Gregory Alpinisto pack and Lowe Ice Invaders

Gregory Alpinisto pack and Lowe Ice Invaders

Post by Max D. Whittake » Thu, 21 Mar 1996 04:00:00


I am looking to purchase an alpine climbing pack for general mountaineering and
climbing in the Sierra and Cascades.  Has anyone used a Gregory Alpinisto?
I am also looking to buy some step-in crampons for mainly general mountaineering use
but some technical ice.  Has anyone used the Lowe Ice Invaders?
Thanks
Max
 
 
 

Gregory Alpinisto pack and Lowe Ice Invaders

Post by Quang-Tuan Luon » Thu, 21 Mar 1996 04:00:00

Quote:
> I am also looking to buy some step-in crampons for mainly general
> mountaineering use
> but some technical ice.  Has anyone used the Lowe Ice Invaders?

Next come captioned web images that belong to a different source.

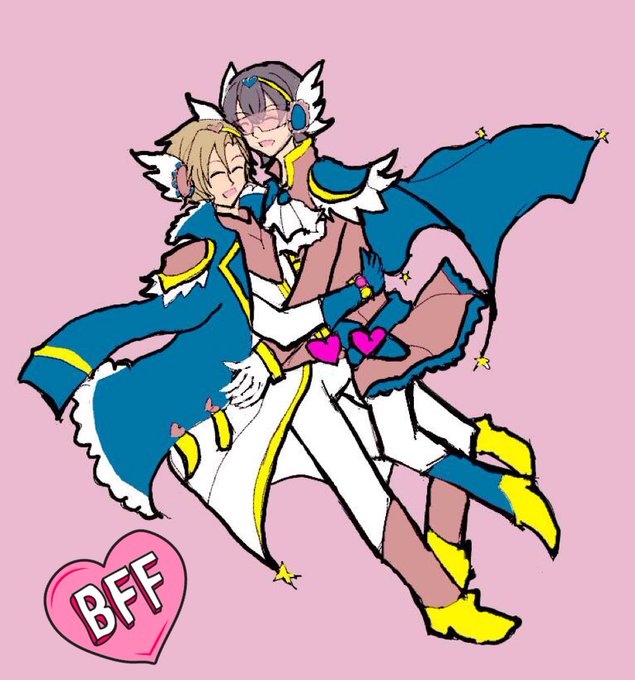 ひなせのtwitterイラスト検索結果 古い順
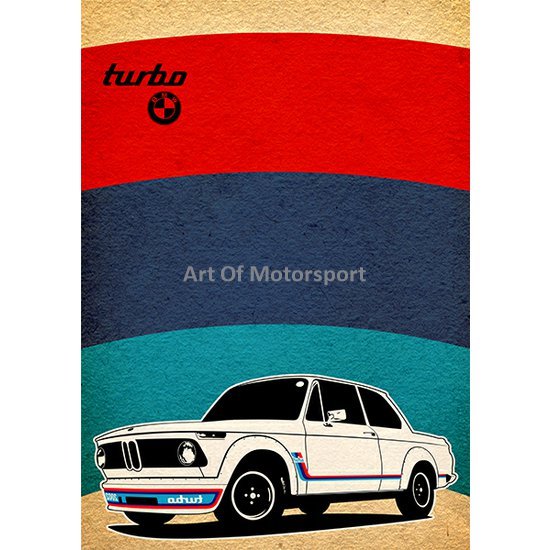 bmw2002turbo_a3.jpg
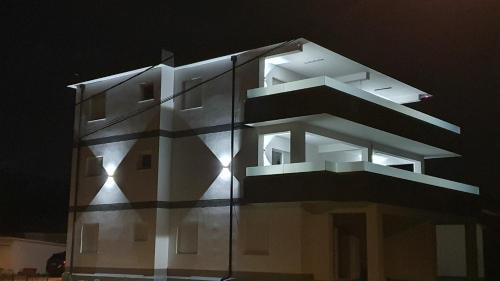 Palit Apartment | Apartments Erdgeschoss Villa Casper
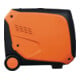 Unicraft Inverter-Stromerzeuger PG-I 45 SE-S HC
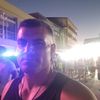 sandocan2103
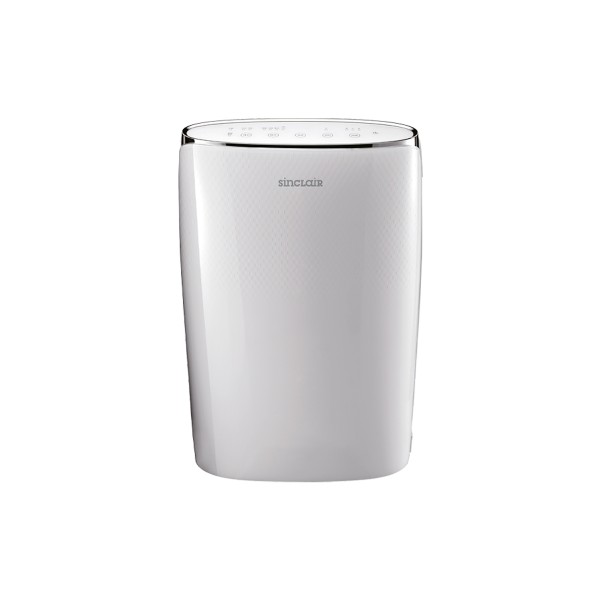Осушувач повітря Sinclair CFO-20P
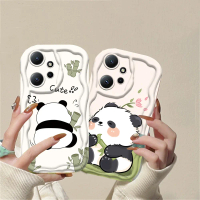 เคสการ์ตูน hp Redmi A2 A1 Note 12 Pro Redmi10 9 12C 10C 9A 10A 9C Note10 10s Note11 11s Note8 Note9s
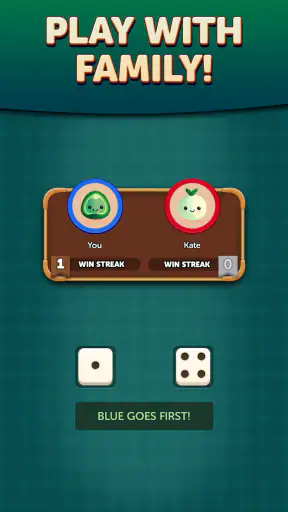 Shut The Box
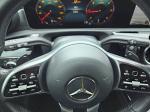 mercedes-benz-classe-a-2019-diesel-1461cc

I have been using them for 5 years. They work fine for general
mountaineering use, although the Grivel 2F (that I had before)
are slightly more convenient with a rather similar design.
The advantage of the Ice Invaders is the interchangeable front
points, however on technical ice, none of the 3 types of points
is really excellent (however they are well usable !). For your
intended use, they might be a good choice.

Tuan.

-
Quang-Tuan LUONG, Computer scientist at SRI,  +1(415)859-5138
333 Ravenswood av. room EK231, Menlo Park, CA 94025-3493, USA


 
 
 

Gregory Alpinisto pack and Lowe Ice Invaders

Post by David J Kriegm » Sat, 23 Mar 1996 04:00:00

I have a pair of Ice Invaders and a pair of Lowe Lightfangs.  I would
definitely NOT recommend the Invaders.  The concept seemed great, and
since I was able to get a good deal in Chamonix, I bought a pair.  I
liked the idea of a single pair of crampons which could be modified to
be rigid orflexible and had interchangeable front points.  I have both
the vertical and horizontal (T-shaped) front points.  Both sets of
front points have problems.

The vertical ones are too long. On steep ice, I can only set the
vertical points, and get no support from the second set of points.
This place too much torque on the front points, and heavy strain on
your calfs.  Without kicking the ***out of the ice, its difficult to
get secure foot placements.  Consequently, I always use my lightfangs
for waterfall ice.

The horizontal points are good for general mountaineering, and great
on neve.  The extra width is more secure in softer conditions.
However, a friend borrwed them for an ascent of Pinnacle Gully on
Huntington's Ravine on Mt. Washington, and during a nighttime descent
of the Lions head trail (which was rocky and icy).  When we got down,
the points were bent at the top of the weld, and had to be replaced.
Thus, I wouldn't trust these points for mixed climbing; they're just not
strong enough.

The lightfangs are great for waterfall ice, but are too heavy for general
mountaineering, and tend to ball up with snow...

The Charlet Moser crampons seem to be well regarded.